If relationships with institutions over time could be described in Facebook-like terms, mine with Valpo would get the “It’s complicated” tag, without question! Indeed, this topic reminds me of how our emotional ties with institutions can be quite powerful and evolve over time.
College days
In 1981, I graduated from Valpo with a B.A. degree and a political science major. During my time there, I was a very engaged student. I did well academically, worked as a department editor of the weekly campus newspaper, and served in various student government positions. I also spent a life-changing study abroad semester in England.
Taking all that into account, one might reasonably assume that I enjoyed an idyllic, residential, Midwestern-style collegiate experience. But for many years I harbored attitudes toward VU that alternated between resentment and anger, grounded in grievances about its limited political, social, and racial diversity and its lack of national renown.
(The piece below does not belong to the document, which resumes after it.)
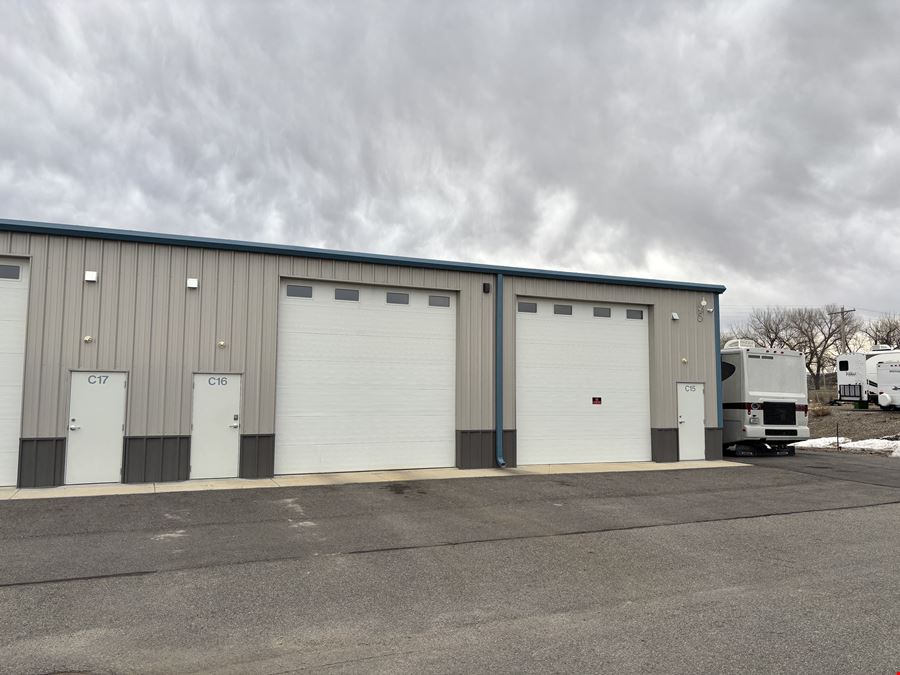 2147 Blue Creek Rd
Now, let’s be honest here. It’s not as if I arrived at the VU campus in 1977 with a very cosmopolitan personal history. I was born and raised in Northwest Indiana. A handful of family trips to visit relatives in Hawaii were the closest things in my life to “multicultural experiences.” In addition, I started college as a Republican, and my political opinions were a hodgepodge of reactive, inconsistent thinking. Although I had endured racial taunts growing up in Indiana neighborhoods, I wasn’t exactly a trailblazer for civil rights.
However, my worldview was changing, and by the time I graduated, Valpo’s campus culture wasn’t as good a fit for me. My work for the campus newspaper, The Torch, was especially enlightening. I wrote dozens of articles for it, including some hefty investigative pieces about campus life. It served as my primer to the insular wackiness that characterizes many university cultures and decision making processes, though at the time I erroneously attributed these traits uniquely to VU. (Believe me, I since have been corrected on that point!) My writing for the paper also gave me a closer look at some of the diversity issues at VU, and I became acutely aware of how black students experienced the predominately white campus and surrounding community.
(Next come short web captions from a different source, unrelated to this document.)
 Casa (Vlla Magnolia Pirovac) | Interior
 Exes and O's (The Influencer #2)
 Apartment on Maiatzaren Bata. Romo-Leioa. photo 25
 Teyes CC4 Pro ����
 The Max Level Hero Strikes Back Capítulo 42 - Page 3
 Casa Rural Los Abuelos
Valparaiso University, Indiana: Brandt Hall dormitory where I lived during my sophomore, junior, and senior years. (Photo: DY, 2012)
By the time I graduated from Valpo, I was disenchanted with it and blamed it for all the things that it was not. Throughout college I had planned on going to law school, and eventually I began to see it as an opportunity to sink roots into a different part of the country. Despite many rewarding college experiences and friendships, I was determined to put Valparaiso way back in my rear view mirror.
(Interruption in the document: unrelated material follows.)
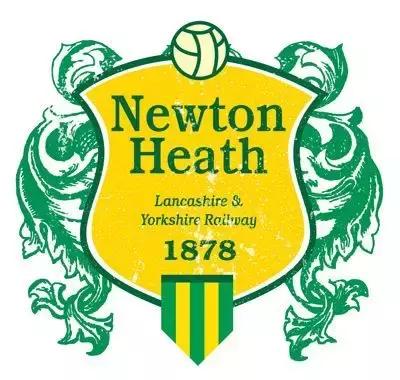 曼联最早的名字叫什么,红魔曼联由来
When, some 10 years after graduation, I received from VU a detailed questionnaire for “diverse” alumni/ae about their student experiences, I filled it out and added a long letter explaining some of my answers. I was very blunt. Looking back, I regret the tone of my responses, but at the time, I saw it as an opportunity to unload.
Decamping for the East Coast
Predictably, the lion’s share of my law school applications were filed at schools on the two coasts. Originally I had designs on heading to California, and the Bay Area seemed especially hospitable to my evolving left-leaning political views. But ultimately I opted to head east to New York University, located in the heart of Manhattan’s Greenwich Village. It was the right move, both at the time and in retrospect.
New York quickly became my Wonder City. NYC of the 80s was a more raw and edgy place than it is today, but it also was possible to enjoy it on a shoestring budget. Its many bookstores, revival movie houses showing old classics, and endless array of ethnic eateries were among the offerings that competed for my attention.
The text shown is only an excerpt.